The algorithm checks the attribute value with the other sub-nodes and moves on to the next node. It repeats the procedure until it reaches the tree's leaf node. The following algorithm will help you better understand the entire process:
Step 1: Begin the tree with the root node S, which includes the whole dataset.
Step 2: Using the Attribute Selection Measure, find the best attribute in the dataset .
Step 3: Subdivide the S into subsets containing potential values for the best qualities.
Step 4: Create the decision tree node with the best attribute.
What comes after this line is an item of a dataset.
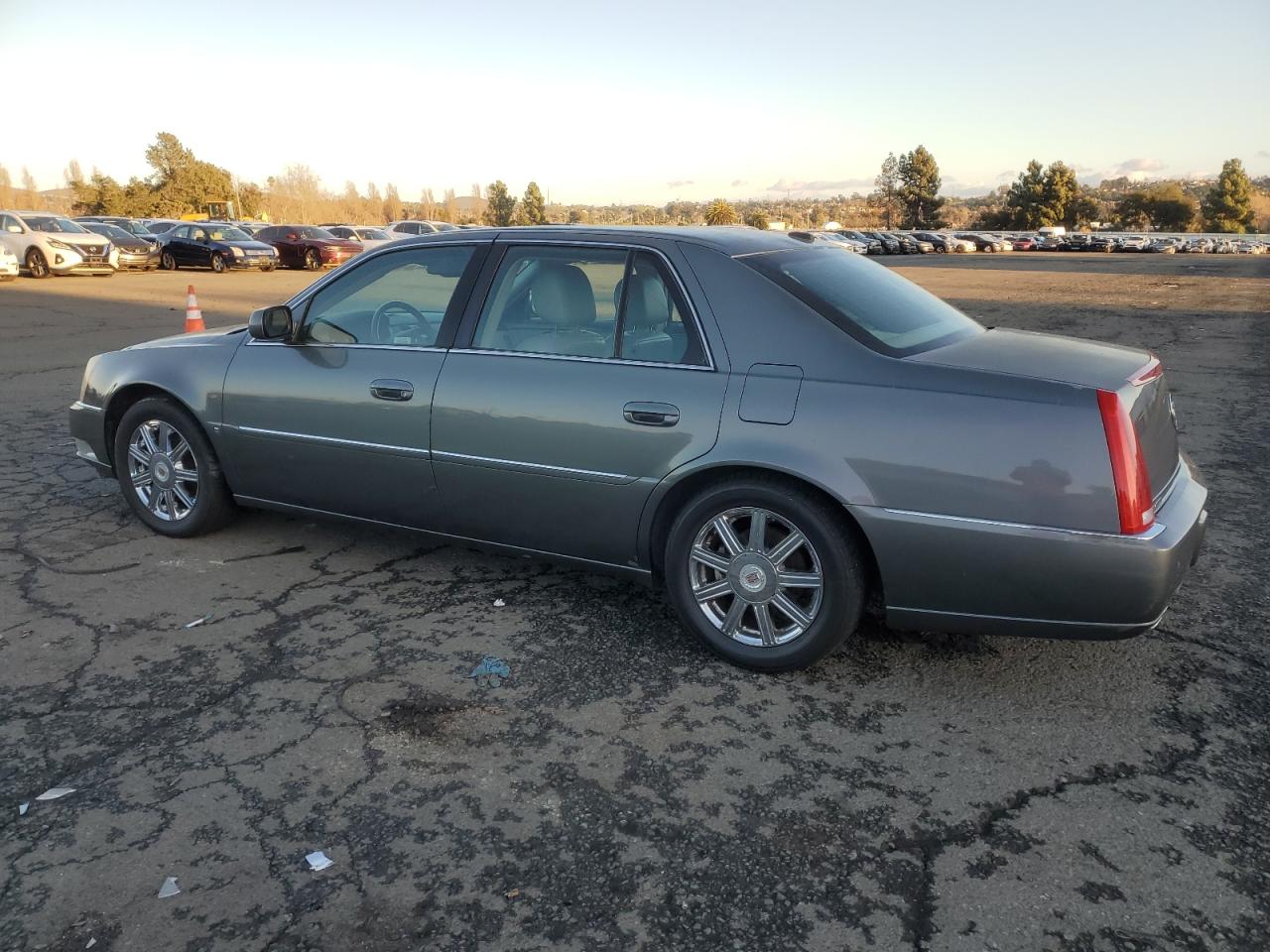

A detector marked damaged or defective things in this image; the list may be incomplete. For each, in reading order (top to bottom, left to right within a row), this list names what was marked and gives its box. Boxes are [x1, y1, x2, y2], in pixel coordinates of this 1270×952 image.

cracked asphalt [0, 255, 1264, 952] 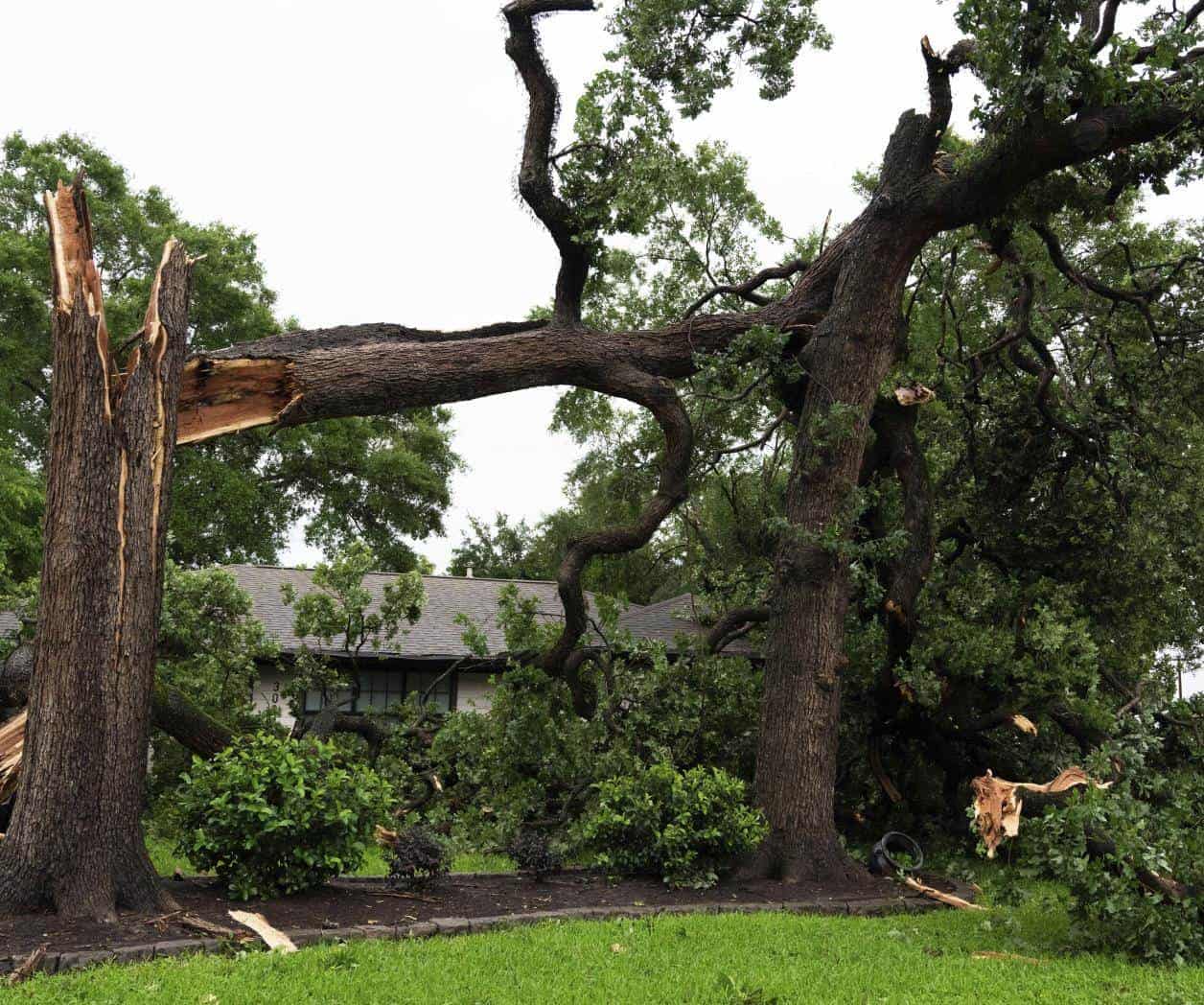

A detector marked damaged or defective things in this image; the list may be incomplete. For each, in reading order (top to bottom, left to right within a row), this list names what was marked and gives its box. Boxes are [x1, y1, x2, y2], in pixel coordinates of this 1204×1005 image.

splintered wood [0, 708, 25, 805]
splintered wood [967, 766, 1107, 853] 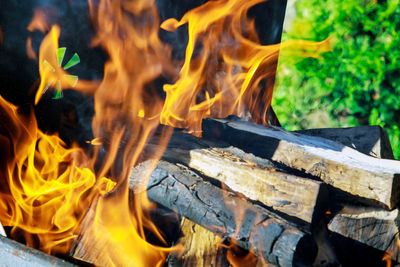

Step 5: Create new decision trees recursively using the subsets of the dataset obtained in step3. Continue this procedure until you reach a point where you can no longer categorize the nodes and refer to the last node as a leaf node.
Assume an applicant receives a job offer and must decide whether to take it or decline it. Hence, in order to address this problem, the decision tree begins at the root node (Salary attribute by ASM). Based on the labels, the root node divides further into the next decision node (distance from the workplace) and one leaf node. The following decision node is further subdivided into one decision node (Cab facility) and one leaf node. After that, the decision node divides into two leaf nodes (Accepted offers and Declined offer). Consider the diagram below:
Attribute selection measures
The biggest challenge that emerges while developing a Decision tree is how to choose the optimal attribute for the root node and sub-nodes. To tackle such challenges, a technique known as Attribute selection measure, or ASM, is used. We can simply determine the best characteristic for the tree's nodes using this measurement. ASM is commonly performed using two techniques:
1. Information Gain
2. Gini index
Information gain is the assessment of changes in entropy following attribute-based segmentation of a dataset. It computes the amount of information a feature offers about a class. We divided the node and build the decision tree based on the importance of information obtained. A decision tree algorithm will always try to maximise the value of information gain, and the node/attribute with the most information gain will be split first. It may be computed using the formula below:
Information Gain= Entropy(S)- [(Weighted Avg) * Entropy(each feature)
Entropy(s)= -P(yes)log2 P(yes)- P(no) log2 P(no)
The Gini index is a measure of impurity or purity utilised in the CART (Classification and Regression Tree) technique for generating a decision tree. A low Gini index attribute should be favoured over a high Gini index attribute. It only generates binary splits, whereas the CART method generates binary splits using the Gini index. The Gini index may be computed using the formula below:
Gini Index= 1- ∑jPj2
Let’s say we have a sample of 30 students with three variables Gender (Boy/Girl), Class(IX/X) and Height (5 to 6 ft). 15 out of these 30 play cricket in leisure time. Now, I want to create a model to predict who will play cricket during leisure period? In this problem, we need to segregate students who play cricket in their leisure time based on highly significant input variable among all three.
This is where decision tree helps, it will segregate the students based on all values of three variable and identify the variable, which creates the best homogeneous sets of students (which are heterogeneous to each other). In the snapshot below, you can see that variable Gender is able to identify best homogeneous sets compared to the other two variables.
Now we want to segregate the students based on target variable ( playing cricket or not ). In the snapshot below, we split the population using two input variables Gender and Class. Now, I want to identify which split is producing more homogeneous sub-nodes using Information Gain.
Entropy for parent node = - (15/30) log(15/30) – (15/30) log(15/30) = 1.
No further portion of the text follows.